Most great writers create their own universe, a world immediately recognizable to their readers. But Kipling created lots of them. He wrote stories of India and Africa, America and Europe, stories of the air and the oceans, tales of science and the supernatural, comedies and histories and wonderful books for children; in time he ranged from the Stone Age to the twenty-first century. Since his death, other writers have roamed at least geographically as far, but his predecessors and contemporaries (except for Conrad) were anchorites by comparison. What did Tennyson know of “the ringing plains of windy Troy”? The “untravell’d world” of his “Ulysses” was much more untraveled by its author. When we read Kipling’s “Gunga Din,” we are confident that the author knows both the Indian Army and the North-West Frontier. When we read Tennyson’s “Charge of the Light Brigade,” we realize at once that the poet knows nothing about cavalry and is contemplating the Crimea from his home in the Isle of Wight.

Kipling’s range and versatility have led to charges of superficiality which can to a certain extent be accepted. Perhaps there is something flashy about the dexterity with which he described British society in Simla, the summer capital of the Raj; and certainly he did not confront the dilemmas of imperialism with the earnestness of Conrad in Lord Jim or Heart of Darkness. Yet he was writing about these things in his early twenties; and he was still a young author when he memorably portrayed life in a Massachusetts fishing boat (in Captains Courageous) and the Tibetan Lama in Kim (and no one could have been less like a Buddhist priest than Kipling).

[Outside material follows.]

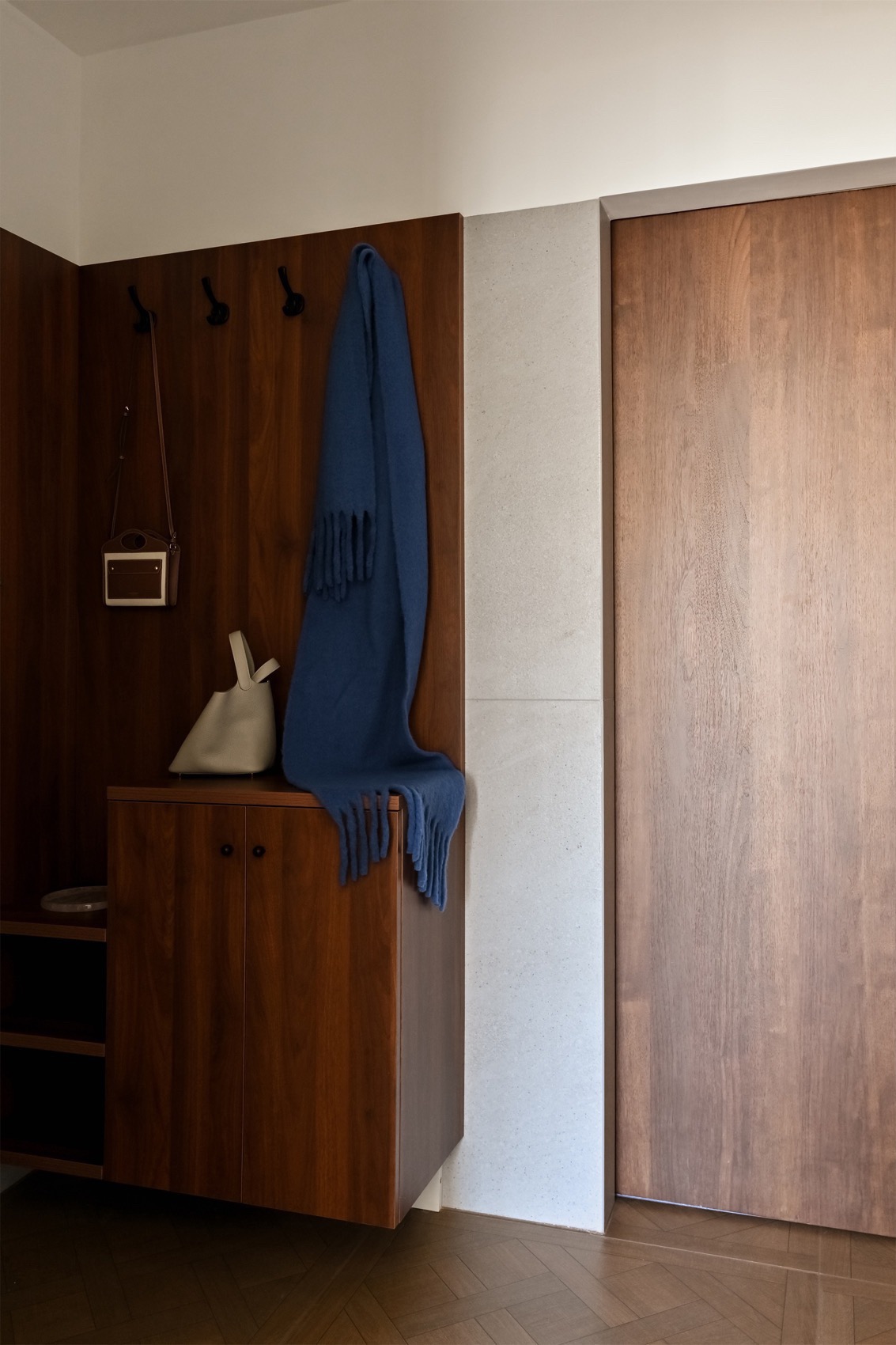 学者型公寓丨中国北京丨那漠含风设计-72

But it is in the concise yet complex later stories that the accusation of superficiality breaks down. Many of these, such as “Mary Postgate,” where the protagonist seems to experience an orgasm while watching a German aviator die in the First World War, require several readings before they can be understood. After Kipling’s death his cousin, Oliver Baldwin, described this as “the wickedest story ever written,” and it is still condemned as an example of the writer’s hatred of the Germans. Yet a close reading of the story suggests that the aviator may not have been German at all, that he may not even have existed, and that the bomb with which he is supposed to have killed a child may also belong to Miss Postgate’s imagination. In fact, far from being a piece of anti-German propaganda, the story is a remarkable psychological study of a repressed spinster experiencing fluctuating feelings of love and hate.

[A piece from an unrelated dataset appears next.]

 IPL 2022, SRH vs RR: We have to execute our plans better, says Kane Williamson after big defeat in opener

Dean Acheson once famously said that Britain had lost an empire and not found a role. The political truth of his remark can be observed in the present government’s simultaneous protestations of Europeanism and obeisance to American foreign policy. And the philosophic truth behind it (illustrating the lack of self-confidence in post-war Britain) can be demonstrated by our attitude to Kipling. The British (and especially the English) have not yet accepted the reduction in their national status, though they try to do so by belittling the Empire and sniggering at its servants. Even the adjective “Victorian,” referring though it does to the greatest period of national consequence, is often used as a term of mockery and abuse, aimed at the prudish, the reactionary, and the old-fashioned. Kipling still embodies this “Victorianism”—at least in the minds of people who only know his reputation and have only glanced at his work. Yet acceptance of his stature as a writer would be a sign of postimperial maturity: when Kipling appears in his proper place in the university syllabuses, Acheson’s remark may be no longer applicable.